Sources: R. Hakluyt, The Principal Navigations, Voyages, Traffiques and Discoveries of the English Nation: Made by Sea or Over-land, to the Remote and Farthest Distant Quarters of the Earth, at Any Time within the Compasse of these 1600 Yeeres … , 2nd ed., 3 vols., London, 1598-1600; esp. I, pp. 324-52 and II, p. 112-13 for Jenkinson’s travels; for a modern edition, see E. D. Morgan and C. H. Coote, eds., Early Voyages and Travels to Russia and Persia by Anthony Jenkinson and other Englishmen: With Some Account of the First Intercourse of the English with Russia and Central Asia by Way of the Caspian Sea, Works Issued by the Hakluyt Society 72-73, 2 vols., London, 1886.

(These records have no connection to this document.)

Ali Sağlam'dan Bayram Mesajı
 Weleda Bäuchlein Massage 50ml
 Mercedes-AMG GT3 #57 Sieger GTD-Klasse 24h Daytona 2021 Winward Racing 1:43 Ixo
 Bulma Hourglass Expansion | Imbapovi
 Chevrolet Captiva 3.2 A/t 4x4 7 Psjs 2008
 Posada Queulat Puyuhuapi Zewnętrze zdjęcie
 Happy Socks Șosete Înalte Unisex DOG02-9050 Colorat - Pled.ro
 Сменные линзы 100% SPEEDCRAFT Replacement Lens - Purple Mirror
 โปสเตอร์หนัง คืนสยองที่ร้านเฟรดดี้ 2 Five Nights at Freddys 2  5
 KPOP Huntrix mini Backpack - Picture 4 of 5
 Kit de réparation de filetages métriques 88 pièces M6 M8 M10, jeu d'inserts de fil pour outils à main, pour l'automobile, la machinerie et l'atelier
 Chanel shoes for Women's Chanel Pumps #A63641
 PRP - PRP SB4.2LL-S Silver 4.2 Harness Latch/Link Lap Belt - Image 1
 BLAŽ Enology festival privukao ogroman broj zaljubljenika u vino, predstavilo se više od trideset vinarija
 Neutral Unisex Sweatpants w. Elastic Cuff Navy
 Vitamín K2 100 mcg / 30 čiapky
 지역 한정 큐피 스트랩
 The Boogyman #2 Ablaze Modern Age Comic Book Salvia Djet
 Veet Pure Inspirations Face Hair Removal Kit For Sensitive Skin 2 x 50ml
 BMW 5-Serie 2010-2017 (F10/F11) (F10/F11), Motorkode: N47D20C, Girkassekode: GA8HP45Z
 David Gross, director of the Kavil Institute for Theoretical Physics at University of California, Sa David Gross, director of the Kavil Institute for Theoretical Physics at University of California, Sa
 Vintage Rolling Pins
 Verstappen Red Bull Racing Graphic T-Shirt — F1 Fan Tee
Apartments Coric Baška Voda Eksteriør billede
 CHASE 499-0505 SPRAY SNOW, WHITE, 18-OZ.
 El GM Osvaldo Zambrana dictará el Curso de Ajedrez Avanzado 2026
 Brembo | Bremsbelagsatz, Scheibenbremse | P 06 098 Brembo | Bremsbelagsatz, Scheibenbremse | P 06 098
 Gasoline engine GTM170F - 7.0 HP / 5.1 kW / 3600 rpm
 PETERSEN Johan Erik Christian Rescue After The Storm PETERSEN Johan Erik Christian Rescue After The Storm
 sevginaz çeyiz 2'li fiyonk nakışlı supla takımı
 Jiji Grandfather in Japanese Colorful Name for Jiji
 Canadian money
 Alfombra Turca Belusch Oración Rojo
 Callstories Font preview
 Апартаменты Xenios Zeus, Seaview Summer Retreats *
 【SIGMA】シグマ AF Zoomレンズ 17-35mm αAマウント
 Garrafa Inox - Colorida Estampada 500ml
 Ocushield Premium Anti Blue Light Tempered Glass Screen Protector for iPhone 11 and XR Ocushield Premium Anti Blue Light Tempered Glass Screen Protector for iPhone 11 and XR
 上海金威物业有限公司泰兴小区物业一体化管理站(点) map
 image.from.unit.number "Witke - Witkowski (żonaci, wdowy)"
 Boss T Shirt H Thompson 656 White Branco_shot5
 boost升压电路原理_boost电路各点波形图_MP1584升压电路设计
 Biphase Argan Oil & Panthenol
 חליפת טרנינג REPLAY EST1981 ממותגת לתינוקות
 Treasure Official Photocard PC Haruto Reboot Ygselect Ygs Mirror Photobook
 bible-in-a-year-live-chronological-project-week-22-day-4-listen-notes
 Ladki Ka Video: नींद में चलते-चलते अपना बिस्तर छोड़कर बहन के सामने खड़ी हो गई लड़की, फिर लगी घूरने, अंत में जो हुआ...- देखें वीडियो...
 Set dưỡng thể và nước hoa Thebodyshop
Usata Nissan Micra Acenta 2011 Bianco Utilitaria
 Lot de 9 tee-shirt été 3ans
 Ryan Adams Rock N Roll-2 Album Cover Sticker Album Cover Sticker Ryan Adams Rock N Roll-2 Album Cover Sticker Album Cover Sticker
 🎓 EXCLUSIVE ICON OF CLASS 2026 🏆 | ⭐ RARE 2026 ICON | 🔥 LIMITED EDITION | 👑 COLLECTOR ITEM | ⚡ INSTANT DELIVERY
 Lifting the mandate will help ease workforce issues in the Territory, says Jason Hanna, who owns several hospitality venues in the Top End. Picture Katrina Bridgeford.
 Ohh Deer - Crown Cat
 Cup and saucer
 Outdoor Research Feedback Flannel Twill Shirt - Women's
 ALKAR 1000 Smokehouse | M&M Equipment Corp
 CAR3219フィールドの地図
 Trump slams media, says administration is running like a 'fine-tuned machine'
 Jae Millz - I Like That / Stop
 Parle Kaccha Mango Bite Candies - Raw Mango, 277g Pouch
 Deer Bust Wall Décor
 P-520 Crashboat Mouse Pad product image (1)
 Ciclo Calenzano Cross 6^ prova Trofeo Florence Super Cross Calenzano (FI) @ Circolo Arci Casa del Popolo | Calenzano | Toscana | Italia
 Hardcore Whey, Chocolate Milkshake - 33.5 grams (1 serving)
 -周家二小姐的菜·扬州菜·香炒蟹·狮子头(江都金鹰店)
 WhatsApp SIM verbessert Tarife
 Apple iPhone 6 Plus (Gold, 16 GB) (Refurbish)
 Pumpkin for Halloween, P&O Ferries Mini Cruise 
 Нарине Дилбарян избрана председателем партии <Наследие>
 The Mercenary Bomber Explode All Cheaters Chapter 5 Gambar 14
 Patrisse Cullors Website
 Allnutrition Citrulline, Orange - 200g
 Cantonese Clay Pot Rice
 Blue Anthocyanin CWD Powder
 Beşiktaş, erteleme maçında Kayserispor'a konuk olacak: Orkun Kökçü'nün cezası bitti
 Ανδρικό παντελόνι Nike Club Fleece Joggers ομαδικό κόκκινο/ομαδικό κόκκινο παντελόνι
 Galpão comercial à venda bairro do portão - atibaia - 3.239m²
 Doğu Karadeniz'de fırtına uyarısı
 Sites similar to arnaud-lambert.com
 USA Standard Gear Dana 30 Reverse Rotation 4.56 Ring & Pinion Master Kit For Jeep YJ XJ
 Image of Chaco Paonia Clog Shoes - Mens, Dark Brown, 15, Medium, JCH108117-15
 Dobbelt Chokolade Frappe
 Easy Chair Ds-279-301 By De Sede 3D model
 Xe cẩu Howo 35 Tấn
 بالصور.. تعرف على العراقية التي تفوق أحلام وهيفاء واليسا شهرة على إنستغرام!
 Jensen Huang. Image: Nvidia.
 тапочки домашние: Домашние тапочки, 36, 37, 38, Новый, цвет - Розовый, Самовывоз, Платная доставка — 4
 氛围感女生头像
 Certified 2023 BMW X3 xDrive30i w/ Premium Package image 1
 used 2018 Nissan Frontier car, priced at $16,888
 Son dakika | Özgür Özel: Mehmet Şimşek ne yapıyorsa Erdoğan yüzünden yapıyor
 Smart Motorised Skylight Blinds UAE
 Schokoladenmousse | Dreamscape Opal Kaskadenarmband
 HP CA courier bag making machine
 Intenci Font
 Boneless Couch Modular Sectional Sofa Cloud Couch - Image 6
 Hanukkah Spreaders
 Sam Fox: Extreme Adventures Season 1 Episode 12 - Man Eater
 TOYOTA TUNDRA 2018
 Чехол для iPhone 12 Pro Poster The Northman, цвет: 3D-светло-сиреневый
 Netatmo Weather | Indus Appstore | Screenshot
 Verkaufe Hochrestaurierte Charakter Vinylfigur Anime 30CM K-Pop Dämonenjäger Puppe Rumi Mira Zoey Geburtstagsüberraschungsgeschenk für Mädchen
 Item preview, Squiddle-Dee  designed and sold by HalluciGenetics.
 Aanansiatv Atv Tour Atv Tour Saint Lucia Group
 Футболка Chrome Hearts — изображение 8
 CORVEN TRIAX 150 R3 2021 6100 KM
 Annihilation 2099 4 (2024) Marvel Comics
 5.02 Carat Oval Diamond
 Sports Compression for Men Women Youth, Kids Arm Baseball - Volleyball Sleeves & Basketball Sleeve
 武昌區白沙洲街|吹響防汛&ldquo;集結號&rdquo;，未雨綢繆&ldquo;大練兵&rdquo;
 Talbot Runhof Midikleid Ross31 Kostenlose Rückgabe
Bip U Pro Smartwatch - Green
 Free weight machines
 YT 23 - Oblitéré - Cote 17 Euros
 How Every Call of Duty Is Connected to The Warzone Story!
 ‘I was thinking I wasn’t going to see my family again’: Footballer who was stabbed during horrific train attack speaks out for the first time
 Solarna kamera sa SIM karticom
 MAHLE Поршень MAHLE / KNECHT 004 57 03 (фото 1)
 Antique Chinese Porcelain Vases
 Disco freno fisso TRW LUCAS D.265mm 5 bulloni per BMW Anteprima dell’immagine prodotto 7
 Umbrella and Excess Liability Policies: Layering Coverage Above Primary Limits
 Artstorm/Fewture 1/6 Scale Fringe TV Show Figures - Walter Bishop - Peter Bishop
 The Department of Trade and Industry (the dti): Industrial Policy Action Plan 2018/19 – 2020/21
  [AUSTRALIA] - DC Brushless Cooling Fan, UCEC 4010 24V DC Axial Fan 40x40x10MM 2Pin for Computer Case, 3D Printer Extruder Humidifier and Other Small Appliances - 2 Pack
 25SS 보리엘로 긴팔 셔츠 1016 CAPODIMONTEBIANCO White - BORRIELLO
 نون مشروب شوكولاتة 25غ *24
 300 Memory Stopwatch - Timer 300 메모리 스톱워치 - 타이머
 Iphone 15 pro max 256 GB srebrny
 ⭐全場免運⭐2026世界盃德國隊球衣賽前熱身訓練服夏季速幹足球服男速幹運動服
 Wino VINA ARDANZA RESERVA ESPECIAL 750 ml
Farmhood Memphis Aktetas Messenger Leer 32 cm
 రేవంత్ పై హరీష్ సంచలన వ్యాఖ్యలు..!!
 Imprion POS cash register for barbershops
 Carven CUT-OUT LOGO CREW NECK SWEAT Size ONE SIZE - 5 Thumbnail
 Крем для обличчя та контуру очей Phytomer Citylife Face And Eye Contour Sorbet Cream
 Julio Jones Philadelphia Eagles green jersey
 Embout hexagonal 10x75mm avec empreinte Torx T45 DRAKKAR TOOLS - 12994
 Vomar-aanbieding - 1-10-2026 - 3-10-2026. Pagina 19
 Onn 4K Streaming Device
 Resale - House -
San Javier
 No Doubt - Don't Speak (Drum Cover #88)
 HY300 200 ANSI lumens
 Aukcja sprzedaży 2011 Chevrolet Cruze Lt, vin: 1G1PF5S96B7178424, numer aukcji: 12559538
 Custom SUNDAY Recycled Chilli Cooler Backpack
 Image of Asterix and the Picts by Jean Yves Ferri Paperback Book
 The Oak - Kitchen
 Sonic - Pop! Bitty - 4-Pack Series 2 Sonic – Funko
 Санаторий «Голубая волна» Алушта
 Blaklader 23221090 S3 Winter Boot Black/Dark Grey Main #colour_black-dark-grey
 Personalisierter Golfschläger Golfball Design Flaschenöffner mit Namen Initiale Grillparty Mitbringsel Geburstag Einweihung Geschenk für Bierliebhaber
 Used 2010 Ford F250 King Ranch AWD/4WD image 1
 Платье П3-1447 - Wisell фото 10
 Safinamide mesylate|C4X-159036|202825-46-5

A. Ortelius, Theatrum orbis terrarum, Dutch tr., Antwerp, 1598, Jenkinson’s map of Russia, including parts of Iran and Central Asia, follows p. 73, orig., Antwerp, 1570.

Studies: J. H. Appleby, “Jenkinson, Anthony,” in Oxford Dictionary of National Biography, ed. H. C. G. Mathew and B. Harrison, Oxford, 2004; available at http://www.oxforddnb.com/view/article/14736 (accessed on 4 January 2008).

D. W. Davies, Elizabethans Errant: The Strange Fortunes of Sir Thomas Sherley and his Three Sons, as well in the Dutch Wars as in Muscovy, Morocco, Persia, Spain, and the Indies, Ithaca, N.Y., 1967.

M. Dimmock, New Turkes: Dramatizing Islam and the Ottomans in Early Modern England, Aldershot, Hampshire, 2005.

R. W. Ferrier, “The Terms and Conditions under which English Trade was Transacted with Safavid Persia,” BSOAS 49, 1986, pp. 48-66.

J. Keuning, “Jenkinson’s Map of Russia,” Imago Mundi 13, 1956, pp. 172-75, esp. p. 172 and fig. 1 for the version reproduced in Ortelius.

L. Lockhart, “European Contacts with Persia, 1350-1736,” Camb. Hist. Iran VI, 1986, pp. 373-411. M. B. G. Morton, The Jenkinson Story, Glasgow, 1962.

B. Penrose, Travel and Discovery in the Renaissance, 1420-1620, Cambridge, Mass., 1955.

T. S. Willan, The Early History of the Russia Company, 1553-1603, Manchester, 1956.